The Argentine piqueteros that represented a generation of rebellion
You don’t need to have met Dario Santillán to know him. And you should know him.
Though notorious for his death, it was his grassroots leadership and solidarity work in his short life that defined him—qualities that live on in the social movements he helped to build. In the wake of Argentina’s 2001 economic crisis and social upheaval, Santillán was killed by Argentine police along with fellow activist Maximiliano Kosteki. But their spirit of resistance is alive and well in the 15,000 organizers that gathered on Tuesday to mark the tenth anniversary of their deaths and call for justice.
Blockading the Puente Pueyrredón, the bridge that connects the capital of Buenos Aires to the southern suburbs of the city, members from hundreds of unemployed, student, low-income, and other left organizations descended last week on the site where Santillan and Kosteki were killed. Many were friends, family-members, and compañeros, who since 2002 haven’t let a June 26th go by without an all-night vigil and mobilization.

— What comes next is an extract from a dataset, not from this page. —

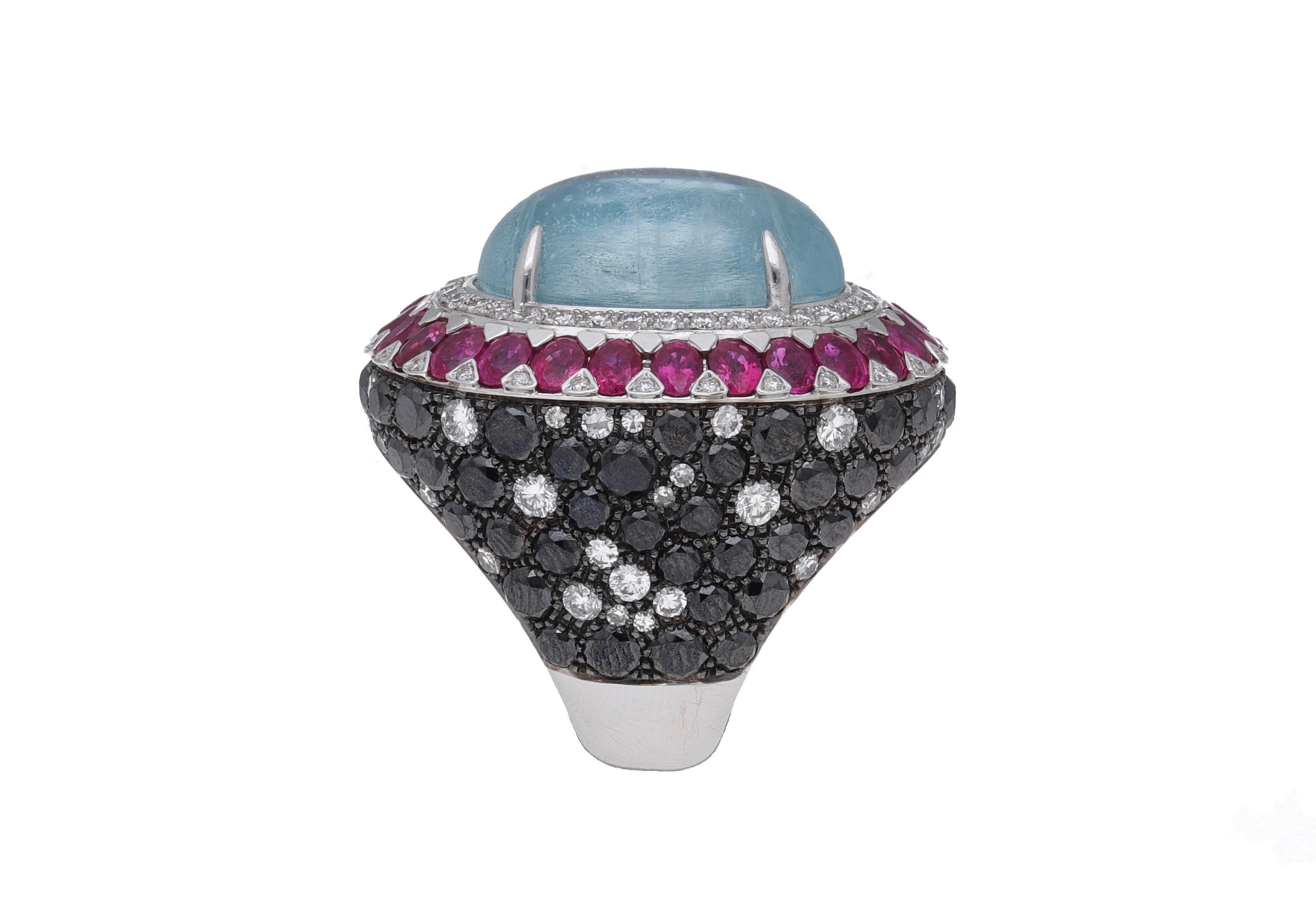 18 kt. white gold cocktail ring with 2.44 carats of round-cut diamonds ( H-I color / VVS1-VVS2 ), 9.67 carats of round-cut black diamonds, 6.29 carats of oval-cut rubies and 26.22 carats of aquamarine.
This one of a kind ring is entirely hand-made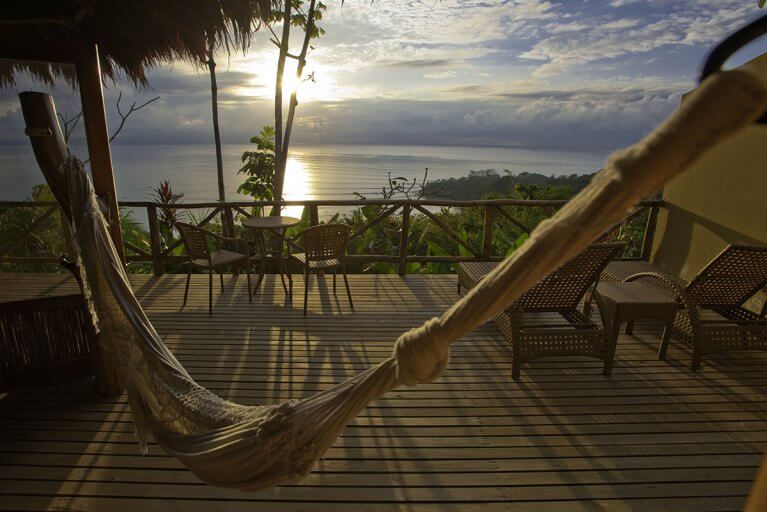Watch the sun go down from a hammock on the terrace at Lapa Rios during a luxury Costa Rica tour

“I feel proud to be Dario’s father,” said Alberto Santillán standing at the front of the march. Looking over a crowd of many young organizers he said that he doesn’t feel alone, but accompanied. “In each one of them, I also see my son.”
Generational symbols
Kosteki and Santillán were not merely victims of state repression, but emblems of a new generation of working-class youth responding to the severe poverty in Argentina. A decade of neoliberal economic policies in Argentina had left entire towns without work, education, and basic services, sparking the rise of neighborhood piquetero and unemployed workers movements (MTDs). Without a political voice, these movements drew attention to their demands by blockading major roadways and halting the transportation of goods into the capital.
Santillán lived in a working-class housing project in the neighborhood of Don Orione, and became involved in his high school student union at age 17. But as the strength unemployed movements grew in the more marginalized neighborhoods, he joined the MTD in neighboring town of Lanús and began working with youth.
“He came and wanted to participate,” recalls Walter Bordegorry of MTD Lanús.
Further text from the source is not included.